10241 Miličević

Discovery
- Discovered by: K. Korlević
- Discovery site: Višnjan Obs.
- Discovery date: 9 January 1999

Designations
- Named after: Nikola Miličević (Croatian hermit)
- Alternative designations: 1999 AU_{6} · 1981 UX_{24} 1996 KB_{1} · 1997 WB_{49}
- Minor planet category: main-belt · (outer) Themis

Orbital characteristics
- Epoch 23 March 2018 (JD 2458200.5)
- Uncertainty parameter 0
- Observation arc: 35.69 yr (13,034 d)
- Aphelion: 3.5285 AU
- Perihelion: 2.5672 AU
- Semi-major axis: 3.0479 AU
- Eccentricity: 0.1577
- Orbital period (sidereal): 5.32 yr (1,944 d)
- Mean anomaly: 345.06°
- Mean motion: 0° 11^{m} 6.72^{s} / day
- Inclination: 1.6172°
- Longitude of ascending node: 151.77°
- Argument of perihelion: 190.89°

Physical characteristics
- Mean diameter: 10.882±0.159 km 8.39 km (calculated)
- Synodic rotation period: 3.87±0.03 h
- Geometric albedo: 0.057 (assumed) 0.065±0.005
- Spectral type: C
- Absolute magnitude (H): 13.4 13.6 13.66±0.11 (R) 13.67±0.18 14.11

= 10241 Miličević =

Themistian asteroid

10241 Miličević, provisional designation , is a carbonaceous Themistian asteroid from the outer regions of the asteroid belt, approximately 11 km in diameter. It was discovered on 9 January 1999, by Croatian astronomer Korado Korlević at the Višnjan Observatory in Croatia. The C-type asteroid has a short rotation period of 3.87 hours and was named after hermit and amateur astronomer Don Nikola Miličević.

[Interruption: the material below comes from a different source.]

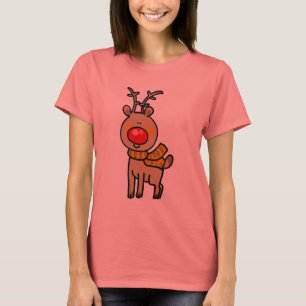 Camiseta Reno con la nariz roja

== Orbit and classification ==

Miličević is a Themistian asteroid that belongs to the Themis family (602), a very large family of carbonaceous asteroids, named after 24 Themis. It orbits the Sun in the outer main-belt at a distance of 2.6–3.5 AU once every 5 years and 4 months (1,944 days; semi-major axis of 3.05 AU). Its orbit has an eccentricity of 0.16 and an inclination of 2° with respect to the ecliptic.

The body's observation arc begins with its first observation at Palomar Observatory in October 1981, more than 17 years prior to its official discovery observation at Višnjan.

== Physical characteristics ==

Based on its classification to the Themis family and on observations conducted by the Pan-STARRS survey, Miličević is a carbonaceous C-type asteroid.

=== Rotation period ===

In December 2014, a rotational lightcurve of Miličević was obtained from photometric observations in the R-band by astronomers at the Palomar Transient Factory in California. Lightcurve analysis gave a short rotation period of 3.87 hours with a brightness amplitude of 0.34 magnitude (U=2).

=== Diameter and albedo ===

According to the survey carried out by the NEOWISE mission of NASA's Wide-field Infrared Survey Explorer, Miličević measures 10.882 kilometers in diameter and its surface has an albedo of 0.065, while the Collaborative Asteroid Lightcurve Link assumes a standard albedo for a carbonaceous asteroid of 0.057 and calculates a diameter of 8.39 kilometers based on an absolute magnitude of 14.11.

== Naming ==

This minor planet was named after Don Nikola Miličević (1887–1963), Croatian amateur astronomer and last administrator of Blaca hermitage. The Hermitage is a UNESCO World Heritage Site located on the Brač island in Croatia. The official naming citation was published by the Minor Planet Center on 15 December 2005 (M.P.C. 55720).